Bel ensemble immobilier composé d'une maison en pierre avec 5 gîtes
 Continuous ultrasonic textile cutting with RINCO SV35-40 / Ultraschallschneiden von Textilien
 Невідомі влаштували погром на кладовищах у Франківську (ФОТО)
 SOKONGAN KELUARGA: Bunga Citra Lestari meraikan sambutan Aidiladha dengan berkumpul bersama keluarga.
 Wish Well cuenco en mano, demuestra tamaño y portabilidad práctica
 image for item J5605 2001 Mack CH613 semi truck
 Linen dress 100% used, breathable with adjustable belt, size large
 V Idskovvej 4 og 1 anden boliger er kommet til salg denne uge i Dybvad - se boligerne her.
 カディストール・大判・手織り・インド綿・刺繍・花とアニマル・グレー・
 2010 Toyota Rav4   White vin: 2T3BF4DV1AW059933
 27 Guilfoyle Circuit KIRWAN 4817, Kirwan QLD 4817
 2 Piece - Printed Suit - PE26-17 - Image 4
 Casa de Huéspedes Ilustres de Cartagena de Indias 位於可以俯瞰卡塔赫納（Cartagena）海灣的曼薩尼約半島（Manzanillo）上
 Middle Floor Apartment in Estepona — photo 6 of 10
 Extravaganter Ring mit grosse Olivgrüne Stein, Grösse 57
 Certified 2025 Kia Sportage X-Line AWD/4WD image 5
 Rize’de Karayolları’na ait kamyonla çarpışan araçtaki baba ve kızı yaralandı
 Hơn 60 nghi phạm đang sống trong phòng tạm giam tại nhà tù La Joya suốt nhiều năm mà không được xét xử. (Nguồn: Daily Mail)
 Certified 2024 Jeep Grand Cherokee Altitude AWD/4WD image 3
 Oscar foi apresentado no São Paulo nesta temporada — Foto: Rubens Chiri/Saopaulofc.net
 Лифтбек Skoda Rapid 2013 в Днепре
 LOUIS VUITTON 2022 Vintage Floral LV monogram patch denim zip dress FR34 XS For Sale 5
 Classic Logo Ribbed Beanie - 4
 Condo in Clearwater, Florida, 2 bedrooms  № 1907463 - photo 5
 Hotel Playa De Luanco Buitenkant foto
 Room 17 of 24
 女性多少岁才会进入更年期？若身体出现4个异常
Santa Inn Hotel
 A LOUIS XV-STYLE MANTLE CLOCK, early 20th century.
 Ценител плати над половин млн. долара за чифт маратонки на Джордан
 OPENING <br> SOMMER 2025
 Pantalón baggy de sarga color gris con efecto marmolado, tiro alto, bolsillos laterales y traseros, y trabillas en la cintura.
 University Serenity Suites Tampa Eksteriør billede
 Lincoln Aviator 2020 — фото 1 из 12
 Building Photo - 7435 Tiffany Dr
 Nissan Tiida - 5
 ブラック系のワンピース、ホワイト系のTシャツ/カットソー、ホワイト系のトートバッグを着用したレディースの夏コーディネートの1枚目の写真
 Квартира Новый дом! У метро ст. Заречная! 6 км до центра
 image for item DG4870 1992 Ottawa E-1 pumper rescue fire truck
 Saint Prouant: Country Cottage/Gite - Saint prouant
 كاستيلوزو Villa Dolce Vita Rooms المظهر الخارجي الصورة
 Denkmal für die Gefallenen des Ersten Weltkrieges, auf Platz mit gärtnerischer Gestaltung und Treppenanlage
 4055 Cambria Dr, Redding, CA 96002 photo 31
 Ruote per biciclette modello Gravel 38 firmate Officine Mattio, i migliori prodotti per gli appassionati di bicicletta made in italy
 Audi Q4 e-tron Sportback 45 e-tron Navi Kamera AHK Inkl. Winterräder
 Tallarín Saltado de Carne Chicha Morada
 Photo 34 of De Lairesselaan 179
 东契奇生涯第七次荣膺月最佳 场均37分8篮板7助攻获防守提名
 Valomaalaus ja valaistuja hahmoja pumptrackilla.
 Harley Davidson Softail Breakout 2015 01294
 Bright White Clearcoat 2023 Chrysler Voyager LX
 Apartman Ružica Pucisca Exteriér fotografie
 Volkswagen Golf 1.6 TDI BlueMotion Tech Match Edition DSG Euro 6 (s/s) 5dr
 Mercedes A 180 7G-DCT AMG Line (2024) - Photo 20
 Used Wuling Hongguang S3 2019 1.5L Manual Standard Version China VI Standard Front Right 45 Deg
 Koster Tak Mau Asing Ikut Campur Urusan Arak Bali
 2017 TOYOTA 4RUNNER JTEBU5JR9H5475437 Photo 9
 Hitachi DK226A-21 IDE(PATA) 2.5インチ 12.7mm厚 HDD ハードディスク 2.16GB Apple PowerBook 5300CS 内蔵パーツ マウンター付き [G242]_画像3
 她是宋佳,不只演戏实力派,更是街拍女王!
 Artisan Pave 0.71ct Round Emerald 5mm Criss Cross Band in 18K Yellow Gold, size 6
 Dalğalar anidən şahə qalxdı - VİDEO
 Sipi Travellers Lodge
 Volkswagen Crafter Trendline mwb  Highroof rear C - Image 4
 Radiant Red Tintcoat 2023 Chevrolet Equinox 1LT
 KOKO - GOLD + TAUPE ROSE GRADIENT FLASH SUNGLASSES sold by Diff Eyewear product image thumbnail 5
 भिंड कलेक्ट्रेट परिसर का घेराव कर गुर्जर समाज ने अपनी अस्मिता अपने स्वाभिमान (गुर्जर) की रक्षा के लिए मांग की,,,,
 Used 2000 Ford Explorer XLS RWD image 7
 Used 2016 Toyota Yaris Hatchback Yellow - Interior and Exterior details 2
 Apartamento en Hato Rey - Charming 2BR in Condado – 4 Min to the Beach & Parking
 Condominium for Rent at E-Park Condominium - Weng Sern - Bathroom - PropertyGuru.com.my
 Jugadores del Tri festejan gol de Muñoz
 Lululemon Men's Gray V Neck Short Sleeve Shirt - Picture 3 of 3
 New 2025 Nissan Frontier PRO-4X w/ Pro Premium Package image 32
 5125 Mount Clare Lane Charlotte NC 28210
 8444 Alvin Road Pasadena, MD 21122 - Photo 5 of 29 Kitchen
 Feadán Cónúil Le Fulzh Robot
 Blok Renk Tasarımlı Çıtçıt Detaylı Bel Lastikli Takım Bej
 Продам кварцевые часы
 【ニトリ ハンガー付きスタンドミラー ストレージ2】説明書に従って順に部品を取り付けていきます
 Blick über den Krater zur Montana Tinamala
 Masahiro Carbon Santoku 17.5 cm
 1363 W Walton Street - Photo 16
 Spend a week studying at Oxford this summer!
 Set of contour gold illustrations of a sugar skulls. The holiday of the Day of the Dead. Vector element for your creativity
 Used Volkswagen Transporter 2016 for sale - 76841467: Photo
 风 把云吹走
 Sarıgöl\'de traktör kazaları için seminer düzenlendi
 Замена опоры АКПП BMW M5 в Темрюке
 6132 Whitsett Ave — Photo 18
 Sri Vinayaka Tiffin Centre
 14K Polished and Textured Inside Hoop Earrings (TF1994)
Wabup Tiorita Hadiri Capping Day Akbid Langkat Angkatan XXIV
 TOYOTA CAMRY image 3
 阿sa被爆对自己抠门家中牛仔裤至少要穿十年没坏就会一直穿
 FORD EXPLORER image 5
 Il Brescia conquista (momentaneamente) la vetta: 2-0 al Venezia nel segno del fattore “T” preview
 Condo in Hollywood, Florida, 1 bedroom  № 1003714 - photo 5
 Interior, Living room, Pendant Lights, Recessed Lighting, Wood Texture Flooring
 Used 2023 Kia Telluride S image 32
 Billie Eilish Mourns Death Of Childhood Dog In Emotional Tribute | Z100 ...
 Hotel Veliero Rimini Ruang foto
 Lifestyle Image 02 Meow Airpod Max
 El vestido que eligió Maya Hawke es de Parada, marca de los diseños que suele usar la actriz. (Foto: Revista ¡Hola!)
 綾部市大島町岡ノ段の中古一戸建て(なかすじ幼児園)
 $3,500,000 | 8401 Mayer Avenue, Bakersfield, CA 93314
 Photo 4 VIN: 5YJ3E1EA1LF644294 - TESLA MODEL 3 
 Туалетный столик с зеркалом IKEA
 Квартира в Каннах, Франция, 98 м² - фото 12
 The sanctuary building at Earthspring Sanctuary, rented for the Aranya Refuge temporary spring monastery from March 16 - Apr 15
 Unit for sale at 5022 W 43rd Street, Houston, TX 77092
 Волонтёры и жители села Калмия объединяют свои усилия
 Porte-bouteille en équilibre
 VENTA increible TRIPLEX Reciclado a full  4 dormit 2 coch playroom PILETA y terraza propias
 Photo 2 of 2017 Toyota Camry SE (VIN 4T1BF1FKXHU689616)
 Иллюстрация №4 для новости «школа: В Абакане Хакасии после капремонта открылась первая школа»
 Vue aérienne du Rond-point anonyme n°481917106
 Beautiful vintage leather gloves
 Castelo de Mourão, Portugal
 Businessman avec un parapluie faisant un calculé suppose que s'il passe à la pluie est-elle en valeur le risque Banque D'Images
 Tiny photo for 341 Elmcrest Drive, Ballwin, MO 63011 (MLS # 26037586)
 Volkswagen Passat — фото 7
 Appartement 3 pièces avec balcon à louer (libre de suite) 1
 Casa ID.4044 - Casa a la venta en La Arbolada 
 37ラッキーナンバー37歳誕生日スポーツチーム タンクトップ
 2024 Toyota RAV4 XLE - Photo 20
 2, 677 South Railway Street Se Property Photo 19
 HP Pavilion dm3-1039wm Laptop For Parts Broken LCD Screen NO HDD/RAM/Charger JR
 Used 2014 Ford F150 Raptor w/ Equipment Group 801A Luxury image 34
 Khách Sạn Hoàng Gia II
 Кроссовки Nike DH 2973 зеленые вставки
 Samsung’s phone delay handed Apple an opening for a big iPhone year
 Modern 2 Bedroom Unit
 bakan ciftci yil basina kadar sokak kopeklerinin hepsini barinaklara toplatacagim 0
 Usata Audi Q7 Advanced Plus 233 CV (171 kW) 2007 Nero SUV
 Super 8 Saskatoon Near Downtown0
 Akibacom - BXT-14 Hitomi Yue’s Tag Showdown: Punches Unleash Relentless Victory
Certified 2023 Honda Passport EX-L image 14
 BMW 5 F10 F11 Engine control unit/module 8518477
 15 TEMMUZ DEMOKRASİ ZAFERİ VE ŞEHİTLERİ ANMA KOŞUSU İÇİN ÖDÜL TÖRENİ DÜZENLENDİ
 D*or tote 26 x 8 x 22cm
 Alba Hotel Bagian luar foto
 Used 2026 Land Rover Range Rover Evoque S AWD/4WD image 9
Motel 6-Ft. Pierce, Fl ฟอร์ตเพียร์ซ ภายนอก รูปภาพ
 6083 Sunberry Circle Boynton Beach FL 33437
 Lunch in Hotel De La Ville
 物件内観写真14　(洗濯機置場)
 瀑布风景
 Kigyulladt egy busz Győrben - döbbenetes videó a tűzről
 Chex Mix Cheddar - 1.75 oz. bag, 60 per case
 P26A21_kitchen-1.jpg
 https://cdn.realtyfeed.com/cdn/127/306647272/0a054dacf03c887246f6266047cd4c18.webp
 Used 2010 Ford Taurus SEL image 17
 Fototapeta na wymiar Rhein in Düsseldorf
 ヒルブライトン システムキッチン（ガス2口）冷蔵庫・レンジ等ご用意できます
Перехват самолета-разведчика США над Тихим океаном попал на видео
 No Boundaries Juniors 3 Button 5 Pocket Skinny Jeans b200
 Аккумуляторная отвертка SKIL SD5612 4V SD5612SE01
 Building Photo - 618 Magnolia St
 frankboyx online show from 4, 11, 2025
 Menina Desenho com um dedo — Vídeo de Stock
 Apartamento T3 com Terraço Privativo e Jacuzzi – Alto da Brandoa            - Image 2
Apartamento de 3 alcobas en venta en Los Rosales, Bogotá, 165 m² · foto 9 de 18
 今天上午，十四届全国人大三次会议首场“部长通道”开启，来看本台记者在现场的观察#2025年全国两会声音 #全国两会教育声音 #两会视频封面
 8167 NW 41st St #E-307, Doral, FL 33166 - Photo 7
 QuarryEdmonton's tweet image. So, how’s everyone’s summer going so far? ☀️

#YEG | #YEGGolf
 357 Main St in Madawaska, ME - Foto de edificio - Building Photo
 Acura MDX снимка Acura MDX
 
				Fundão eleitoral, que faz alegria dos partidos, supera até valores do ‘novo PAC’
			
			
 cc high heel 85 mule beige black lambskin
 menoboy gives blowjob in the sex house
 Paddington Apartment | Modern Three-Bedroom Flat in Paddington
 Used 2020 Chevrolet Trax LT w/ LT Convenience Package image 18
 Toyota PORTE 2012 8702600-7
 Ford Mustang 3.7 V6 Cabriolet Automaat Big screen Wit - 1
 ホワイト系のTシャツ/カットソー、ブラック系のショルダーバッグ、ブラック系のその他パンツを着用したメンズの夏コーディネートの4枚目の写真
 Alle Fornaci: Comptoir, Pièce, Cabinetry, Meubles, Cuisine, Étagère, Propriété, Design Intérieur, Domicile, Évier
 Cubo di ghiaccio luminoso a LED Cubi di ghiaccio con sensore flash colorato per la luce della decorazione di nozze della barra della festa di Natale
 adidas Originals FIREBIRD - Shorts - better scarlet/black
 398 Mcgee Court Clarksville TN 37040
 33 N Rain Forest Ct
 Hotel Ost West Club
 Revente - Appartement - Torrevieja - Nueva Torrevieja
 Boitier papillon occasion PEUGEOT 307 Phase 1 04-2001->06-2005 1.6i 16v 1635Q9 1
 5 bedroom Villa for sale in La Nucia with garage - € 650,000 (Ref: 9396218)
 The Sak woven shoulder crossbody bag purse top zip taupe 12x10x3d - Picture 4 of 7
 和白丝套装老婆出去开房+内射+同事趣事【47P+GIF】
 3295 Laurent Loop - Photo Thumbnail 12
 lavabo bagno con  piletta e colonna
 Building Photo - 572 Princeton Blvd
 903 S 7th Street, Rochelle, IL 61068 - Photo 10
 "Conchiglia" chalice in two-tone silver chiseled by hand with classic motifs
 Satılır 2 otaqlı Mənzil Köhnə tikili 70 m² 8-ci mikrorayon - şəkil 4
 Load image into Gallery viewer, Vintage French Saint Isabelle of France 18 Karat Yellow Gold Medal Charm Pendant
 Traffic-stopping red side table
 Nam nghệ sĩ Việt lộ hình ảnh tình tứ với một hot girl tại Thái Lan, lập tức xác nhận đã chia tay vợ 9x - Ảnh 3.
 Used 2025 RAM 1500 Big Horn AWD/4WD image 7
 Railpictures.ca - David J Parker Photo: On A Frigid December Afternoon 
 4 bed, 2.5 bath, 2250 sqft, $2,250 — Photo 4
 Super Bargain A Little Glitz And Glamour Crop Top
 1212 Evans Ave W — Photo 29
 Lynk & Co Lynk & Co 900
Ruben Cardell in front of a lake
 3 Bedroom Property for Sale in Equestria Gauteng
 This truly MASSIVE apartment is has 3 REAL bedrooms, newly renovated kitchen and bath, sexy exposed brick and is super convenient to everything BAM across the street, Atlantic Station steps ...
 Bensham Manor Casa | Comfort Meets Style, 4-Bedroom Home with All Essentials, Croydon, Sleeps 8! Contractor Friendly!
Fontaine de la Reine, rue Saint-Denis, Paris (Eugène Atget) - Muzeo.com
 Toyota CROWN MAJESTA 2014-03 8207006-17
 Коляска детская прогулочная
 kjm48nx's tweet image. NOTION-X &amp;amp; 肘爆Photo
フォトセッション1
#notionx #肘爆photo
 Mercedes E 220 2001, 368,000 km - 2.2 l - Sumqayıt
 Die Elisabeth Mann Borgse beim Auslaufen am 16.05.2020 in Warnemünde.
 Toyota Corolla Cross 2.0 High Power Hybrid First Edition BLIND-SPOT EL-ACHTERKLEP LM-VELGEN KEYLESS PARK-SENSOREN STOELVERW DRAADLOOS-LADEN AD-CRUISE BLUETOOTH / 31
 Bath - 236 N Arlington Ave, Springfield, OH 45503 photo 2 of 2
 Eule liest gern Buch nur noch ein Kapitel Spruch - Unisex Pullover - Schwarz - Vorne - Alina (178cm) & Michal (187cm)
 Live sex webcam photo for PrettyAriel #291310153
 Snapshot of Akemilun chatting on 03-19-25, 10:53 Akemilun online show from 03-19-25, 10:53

┄┄┄┄┄┄┄┄┄┄┄┄┄┄┄┄┄┄┄┄

# [WHAT YOU ARE ASKED TO DO]
Of the lines above, extract only those from the line with "Traffic-stopping red side table" to the line with "This truly MASSIVE", both included, exactly as written.

# [REPLY]
 Traffic-stopping red side table
 Nam nghệ sĩ Việt lộ hình ảnh tình tứ với một hot girl tại Thái Lan, lập tức xác nhận đã chia tay vợ 9x - Ảnh 3.
 Used 2025 RAM 1500 Big Horn AWD/4WD image 7
 Railpictures.ca - David J Parker Photo: On A Frigid December Afternoon 
 4 bed, 2.5 bath, 2250 sqft, $2,250 — Photo 4
 Super Bargain A Little Glitz And Glamour Crop Top
 1212 Evans Ave W — Photo 29
 Lynk & Co Lynk & Co 900
Ruben Cardell in front of a lake
 3 Bedroom Property for Sale in Equestria Gauteng
 This truly MASSIVE apartment is has 3 REAL bedrooms, newly renovated kitchen and bath, sexy exposed brick and is super convenient to everything BAM across the street, Atlantic Station steps ...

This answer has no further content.